Inarno menegaskan, “Jika dibandingkan secara tahunan, kepemilikan asing pada Mei tahun lalu berada di angka Rp806,97 triliun. Ini menunjukkan kenaikan yang cukup signifikan.”
Secara year to date, kepemilikan asing di obligasi negara juga meningkat dari Rp876,64 triliun per Desember 2024 menjadi Rp923,75 triliun pada Mei 2025.
Pergerakan Indeks dan Yield di Pasar Obligasi Indonesia
OJK juga melaporkan bahwa indeks obligasi komposit Indonesia (ICBI) mengalami penguatan sebesar 0,78 persen secara bulanan ke level 409,16. Sementara itu, yield rata-rata surat berharga negara (SBN) turun 4,76 basis poin secara bulanan dan mengalami penurunan 22,02 basis poin sepanjang tahun berjalan.
Penurunan yield ini mendapatkan dukungan dari kebijakan moneter Bank Indonesia (BI) yang menurunkan suku bunga acuan sebesar 25 basis poin ke level 5,50 persen dalam Rapat Dewan Gubernur BI pada Mei 2025.
Potensi Penurunan Yield Obligasi dan Dampak Kebijakan BI
Associate Director Fixed Income Anugerah Sekuritas, Ramdhan Ario Maruto, menjelaskan bahwa penurunan suku bunga BI berpotensi menurunkan yield pasar obligasi.
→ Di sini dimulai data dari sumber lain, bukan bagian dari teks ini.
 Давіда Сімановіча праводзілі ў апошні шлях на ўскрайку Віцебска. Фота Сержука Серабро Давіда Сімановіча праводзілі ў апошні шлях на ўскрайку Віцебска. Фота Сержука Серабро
“Kebijakan BI yang menurunkan suku bunga acuan ini berpeluang menurunkan biaya dana (cost of fund) bagi penerbit obligasi. Dengan demikian, korporasi akan semakin termotivasi untuk mencari pembiayaan melalui pasar obligasi,” jelas Ramdhan.
Selain itu, Ramdhan menambahkan bahwa stabilitas nilai tukar rupiah akan meningkatkan likuiditas pasar obligasi dan mendorong kepercayaan investor.
Meski demikian, pasar obligasi Indonesia masih diwarnai ketidakpastian global, terutama terkait perang dagang dan kebijakan tarif impor Amerika Serikat yang sempat memberikan tekanan pada yield obligasi negara berkembang. Namun, setelah penundaan tarif impor tersebut, pasar obligasi cenderung stabil dan bahkan menguat.
Sentimen Positif dari Penurunan BI Rate
Director & Chief Investment Officer Fixed Income PT Manulife Aset Manajemen Indonesia (MAMI), Ezra Nazula, menyatakan bahwa penurunan suku bunga BI memberikan sentimen positif bagi pasar obligasi.
“Penurunan BI rate ini diikuti oleh indikasi potensi penurunan suku bunga lebih lanjut ke depan. Kami melihat ini sebagai peluang bagi imbal hasil Surat Berharga Negara untuk mengalami tren penurunan,” ujar Ezra.